Capacitance is how well a capacitor can store an electrical charge. You can understand this better using the formula:

$C = \frac{Q}{V}$

In this formula:

• $C$ is capacitance, measured in farads (F).
• $Q$ is the charge, measured in coulombs (C).
• $V$ is the voltage, measured in volts (V).

Different types of capacitors behave in different ways. This affects how they work, how well they perform, and where they can be used.

Types of Capacitors

1. Ceramic Capacitors

   • What They Are Like: They are low-cost, small, and can keep their capacitance steady even when the voltage or temperature changes.
   • Capacitance Range: Usually between 1 picofarad (pF) and 100 microfarads (µF).
   • Where They Are Used: Found in filtering, decoupling, and timing circuits.
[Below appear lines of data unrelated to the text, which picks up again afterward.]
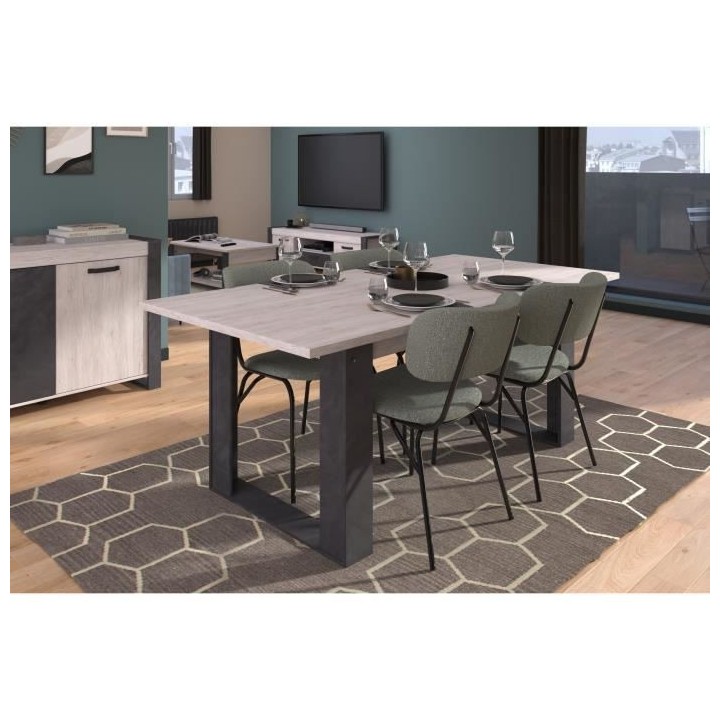 Table a manger rectangulaire CESAR - Décor Noir et Chene gris - 6 per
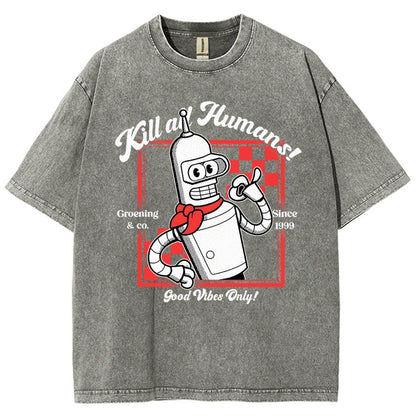 Kill All Humans Vintage Distressed T-shirt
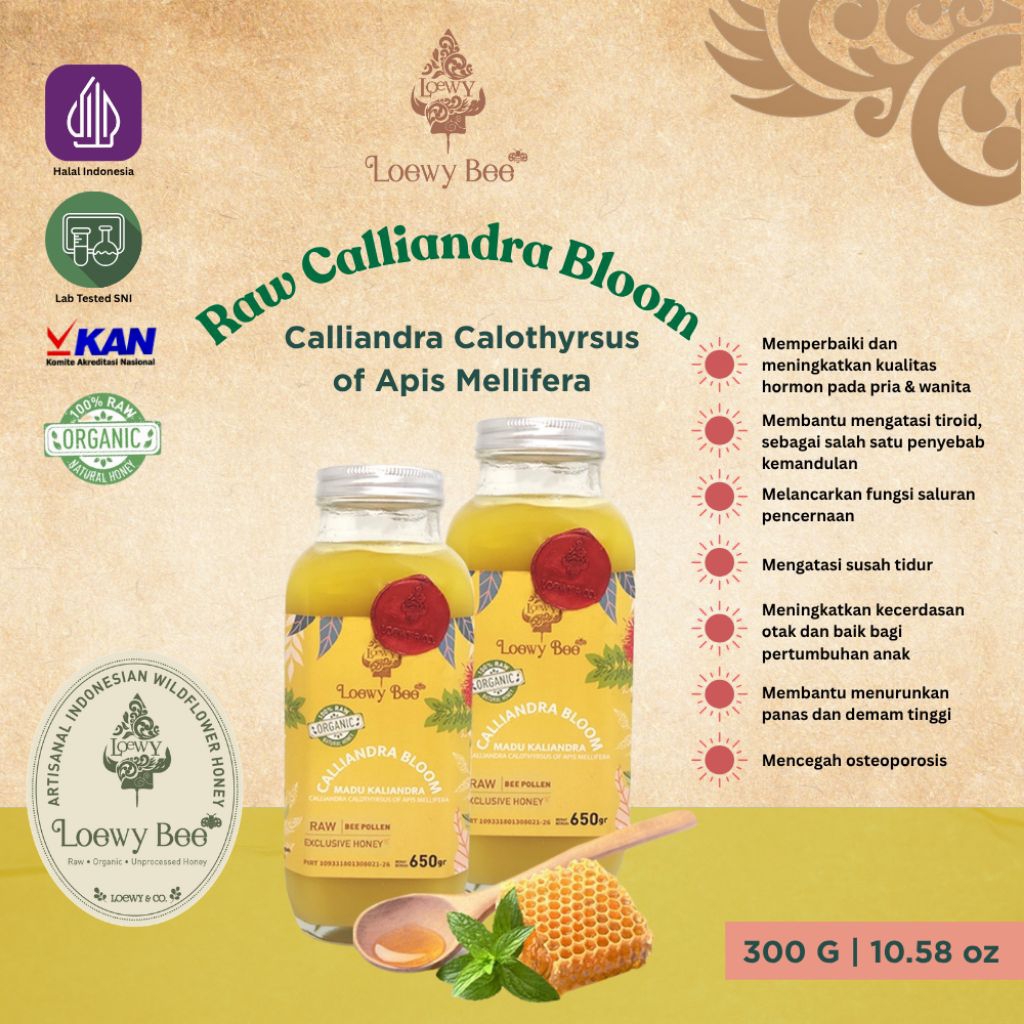 Loewy Bee Raw Calliandra Bloom Honey 100% Madu Mentah Murni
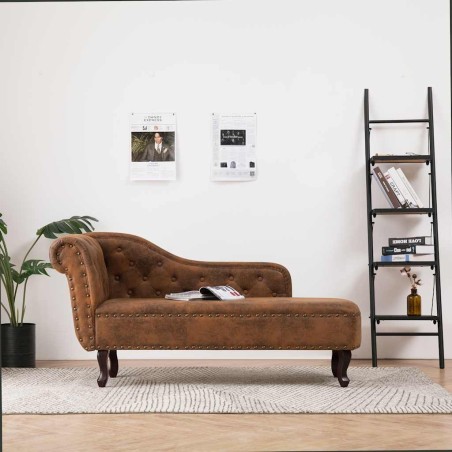 Chaise longue Marron Similicuir daim 629995629995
2. Electrolytic Capacitors

   • What They Are Like: These have a specific positive and negative side (polarized), can hold a lot of charge for their size, and are mostly used in direct current (DC) applications.
   • Capacitance Range: From 1 microfarad (µF) to thousands of microfarads (µF).
   • Energy Storage: They can store a lot of energy, which can be figured out using this formula: $E = \frac{1}{2} C V^2$.

3. Film Capacitors

   • What They Are Like: They are stable and have low energy loss, making them great for alternating current (AC) applications.
   • Capacitance Range: Ranges from 1 nanofarad (nF) to 100 microfarads (µF).
   • Where They Are Used: Common in power electronics, audio devices, and pulse circuits.

Summary of How They Work

• Voltage Rating: Each type of capacitor has a maximum voltage it can handle. Using more voltage than this can cause it to break.
• Frequency Response: Ceramic capacitors work better at high frequencies, so they are ideal for radio frequency (RF) applications.
• Temperature Effects: The capacitance can change with temperature, especially in ceramic capacitors. This change can affect how reliable a circuit is.